#### Your assignment
Return the listing below exactly, with the pictures dropped.

#### Source material
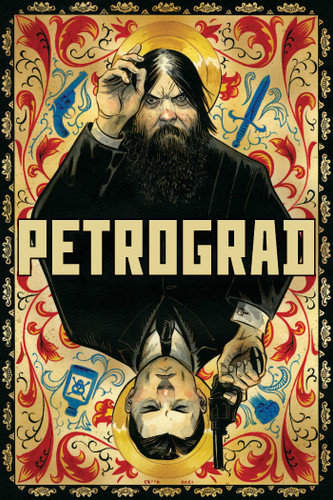 Petrograd book cover by Philip Gelatt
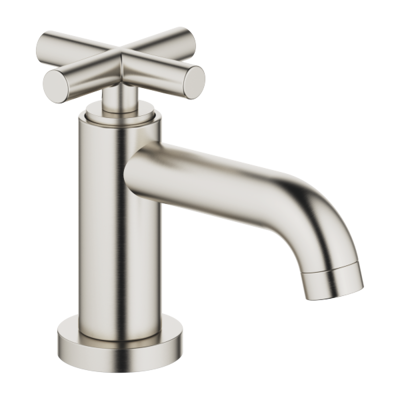 Robinets Dornbracht Tara - Eau froide, Modèle 17500892-06, Platine mate - Publicité Robinets Dornbracht Tara - Eau froide, Modèle 17500892-06, Platine mate - Publicité
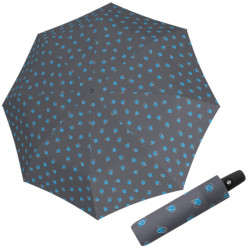 Hit Magic Candy Blue - dámský plně automatický deštník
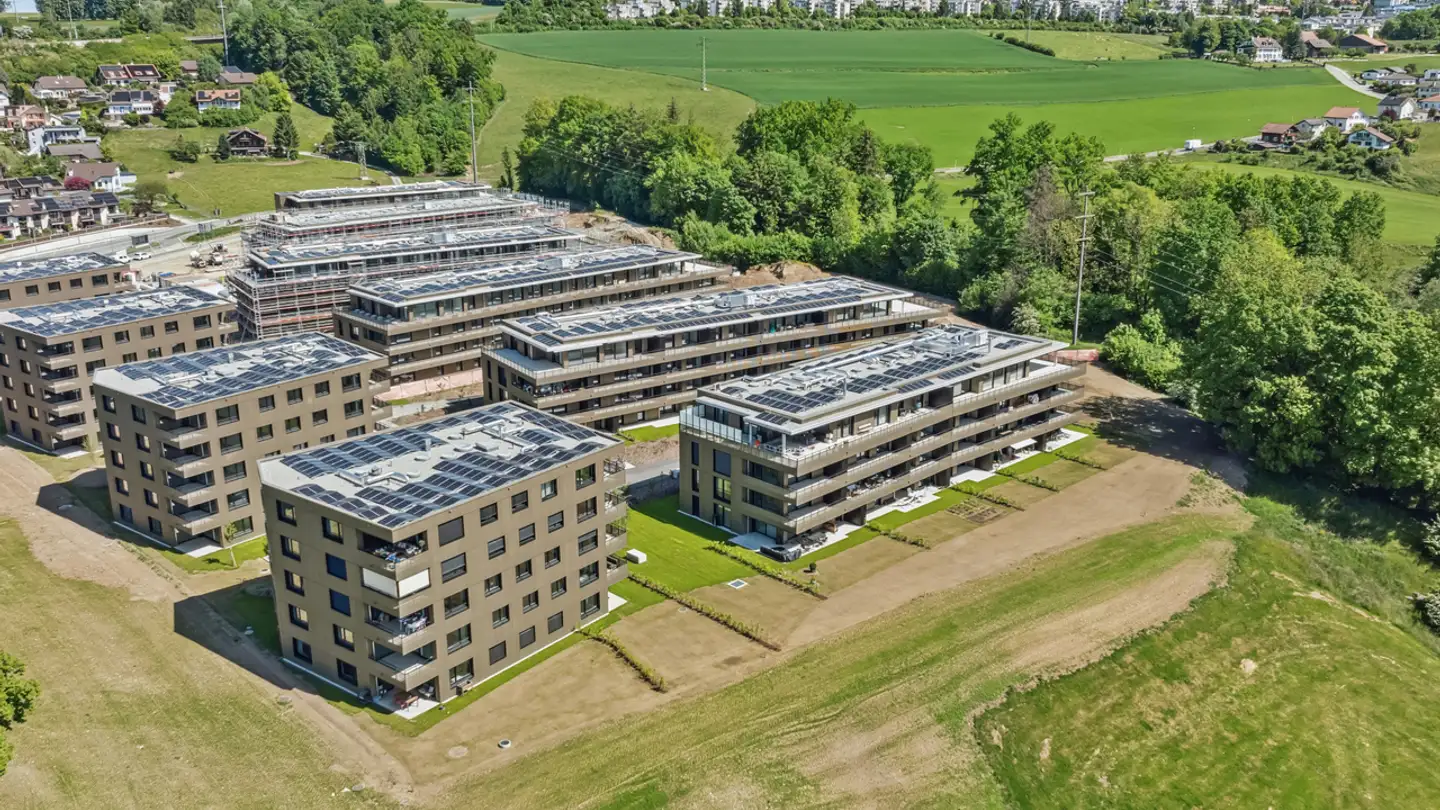 Appartement à vendre - 1753 Matran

#### Exercise response
 Petrograd book cover by Philip Gelatt
 Robinets Dornbracht Tara - Eau froide, Modèle 17500892-06, Platine mate - Publicité Robinets Dornbracht Tara - Eau froide, Modèle 17500892-06, Platine mate - Publicité
 Hit Magic Candy Blue - dámský plně automatický deštník
 Appartement à vendre - 1753 Matran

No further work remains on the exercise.